Profile first: identify which layers contribute least (via sensitivity analysis, activation magnitudes, or importance scores). Prune: remove the least important structures. Fine-tune: let the model recover from pruning damage (typically 1–5% of original training). Quantize: calibrate on representative data after pruning, because the weight distribution has changed. Evaluate: verify quality on held-out benchmarks before deploying. Deploy: serve the compressed model.

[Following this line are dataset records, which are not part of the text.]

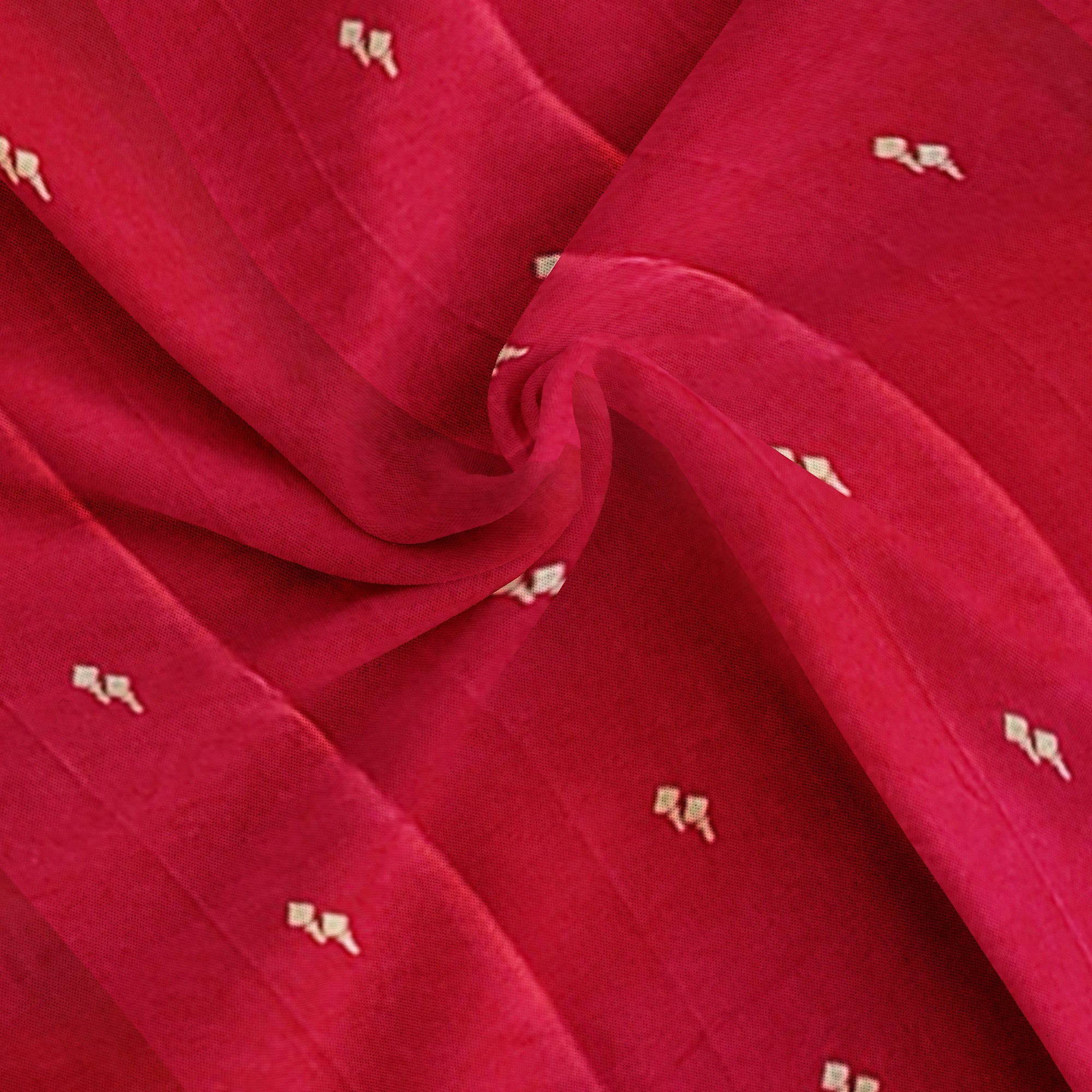 Red Semi Banaras Fancy Saree with Green Border - Timeless Elegance - New Sudarshan Silks`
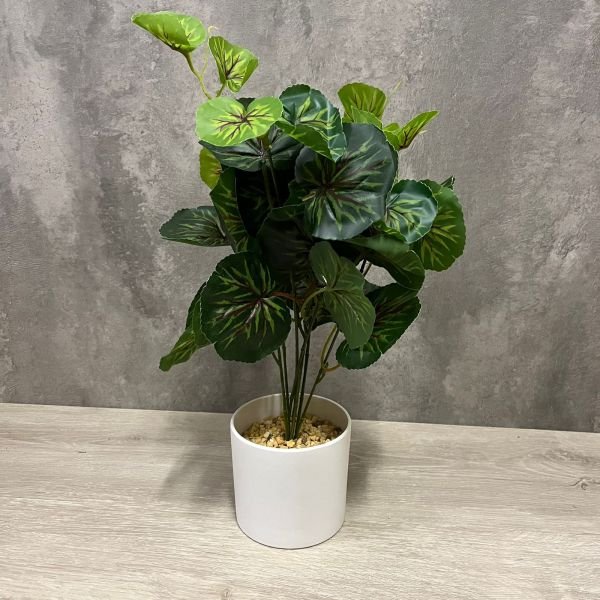 Planta artificial con hojas tipo Malvon de 45 cm en maceta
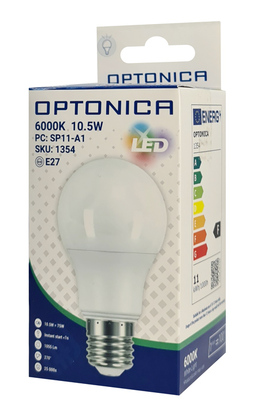 OPTONICA LED λάμπα A60 1354, 10.5W, 6000K, E27, 1055lm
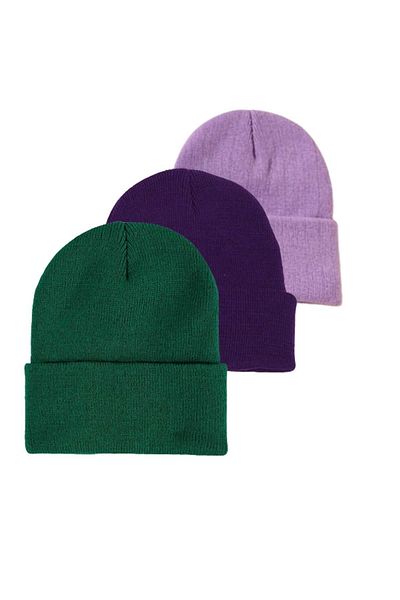 Ritagarcia Unisex Winter Purple-green-lilac Folding Beret Set of 3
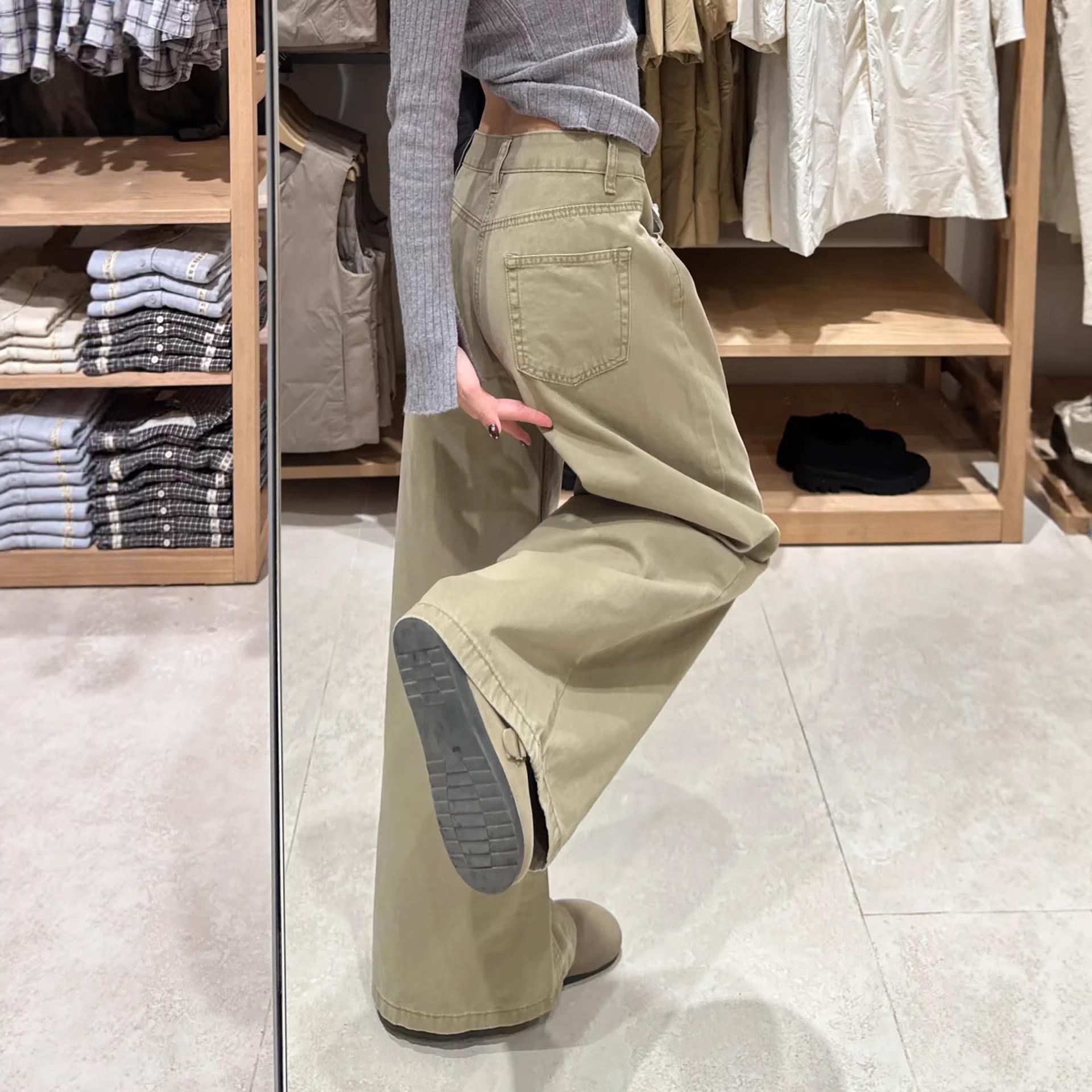 New American Retro Khaki Flared Jeans for Women, Spring and Summer Low-Waist Straight-Leg Wide-Leg Floor-Length Pants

Compression Techniques Summary

Technique	Typical Compression	Quality Loss	Hardware Needs
Weight Pruning (unstructured)	2–10×	0–2% (with fine-tune)	Sparse kernels (limited support)
Structured Pruning	1.5–4×	1–5% (with fine-tune)	No special hardware needed
Quantization (INT8)	2× from FP16	0.1–1%	INT8 Tensor Cores (A100+)
Quantization (INT4)	4× from FP16	1–3%	INT4 kernels (GPTQ/AWQ)
Knowledge Distillation	5–20× (smaller student)	2–10% (task-dependent)	Teacher GPU during training
LoRA (training only)	100–1000× trainable params	0–2% vs full fine-tune	Standard (merges to zero overhead)
Mixed Precision (BF16)	2× from FP32	<0.1%	BF16 Tensor Cores (A100+)

Related Lessons

Topic	Lesson
Transformer internals	Transformer — From Absolute Zero
Parameter counting & memory	Transformer Math Workbook
Distributed training	Distributed Training Workbook
Scaling laws	Scaling Book Workbook
Inference optimization	Systems & Serving Workbook

The compression engineer's toolkit. If you can derive pruning round costs, compute temperature-scaled softmax, calculate LoRA parameter budgets, reason about mixed precision tradeoffs, and design end-to-end compression pipelines — you have the quantitative foundation for deploying production LLMs. These are the exact calculations behind tools like GPTQ, AWQ, llama.cpp, QLoRA, and vLLM. "The question is not whether you can make it smaller. The question is how small can you make it before it forgets what it knows."